Of the examined 38 sequenced transcriptomes of ladybird species (family Coccinellidae) (Additional file 1: Table S3), the 36 species of the subfamily Coccinellinae included cwh genes, whereas the two species of the subfamily Microweiseinae lacked cwh genes completely. Since most of the Coccinellinae species have both cwh1 and cwh2 genes, while none of the cwh genes is present in Microweiseinae and other Coleoptera outgroups, we inferred that cwh genes were present in the common ancestor of Coccinellinae in the Cretaceous, and maintained throughout their radiation.

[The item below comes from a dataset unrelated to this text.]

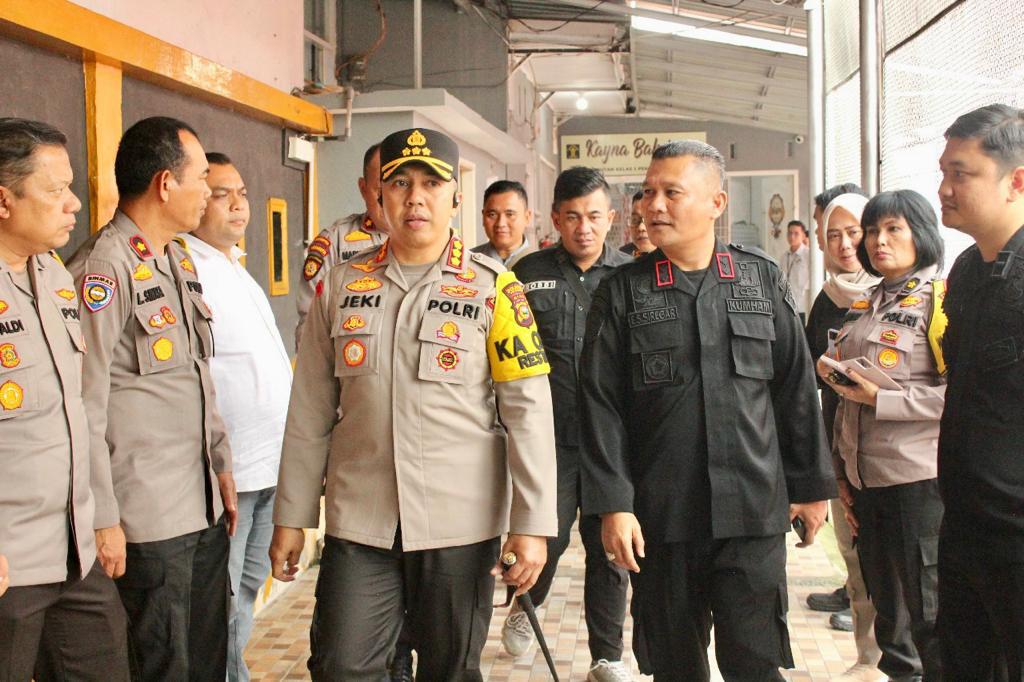 Kapolresta Pekanbaru Melakukan  Kunker Ke Rutan Sialang Bungkuk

A phylogenetic analysis based on the sequences from the ladybird cwh protein sequences alone suggests that both the cwh1 and cwh2 of ladybirds are monophyletic (UFBoot 100%) (Fig. 7). The topologies within cwh1 and cwh2 gene trees support the monophyly of the ladybird tribes Scymnini (UFBoot 91%) and Epilachini (UFBoot 96%) for cwh1, and of Scymnini (UFBoot 96%), Epilachini (UFBoot 97%), and Coccinellini (UFBoot 99%) for cwh2 (Fig. 7). The consistent retention of either cwh1 or cwh2 by all 36 Coccinellinae species and the duplications of the gene in some lineages (e.g., two cwh1 in Coccinellini) provide evidence of cwh’s indispensable function. We also found that the glutamate catalytic domain that is present in most of the bacterial cwh enzymes [37, 38] is also present in the ladybird data analyzed (Additional file 4), suggesting the retention of bacterial cell wall hydrolase activity and the ability to act as a toxin against bacteria. In addition, major signals of negative selection act within both cwh1 and cwh2 (Additional file 1: Table S5), indicating also that these genes are functionally conserved.

[IMAGE OMITTED: SEE PDF]

The two cwh genes in ladybirds might have different functions. Their distribution in the phylogenetic tree (Fig. 7) indicates that the two clades cwh1 and cwh2 probably diverged before the diversification of Coccinellinae ladybirds into the extant species. Moreover, cwh2 contains a signal peptide in the N-terminus, while cwh1 does not (Fig. 1). This suggests that cwh2 is unique in protein assembly or export from eukaryotic cells. Both cwh1 and cwh2 subsequently underwent independent gene duplications in some taxa (resulting in C1a, C1b, C2a, and C2b). The cwh gene family phylogeny and the position of these genes in the genome suggest that, at least in some taxa, these duplications occurred recently. For example, the cwh1 genes of Harmonia species are closely related (Fig. 7), and the two cwh1 genes of C. montrouzieri are separated by a gap of only ~ 8000 bp. In addition, the duplications of cwh1 occurred mainly in Coccinellini (Fig. 7), which is a group with particularly mixed diets [39]. This suggests that the function of cwh1 might be essential for diet expansion.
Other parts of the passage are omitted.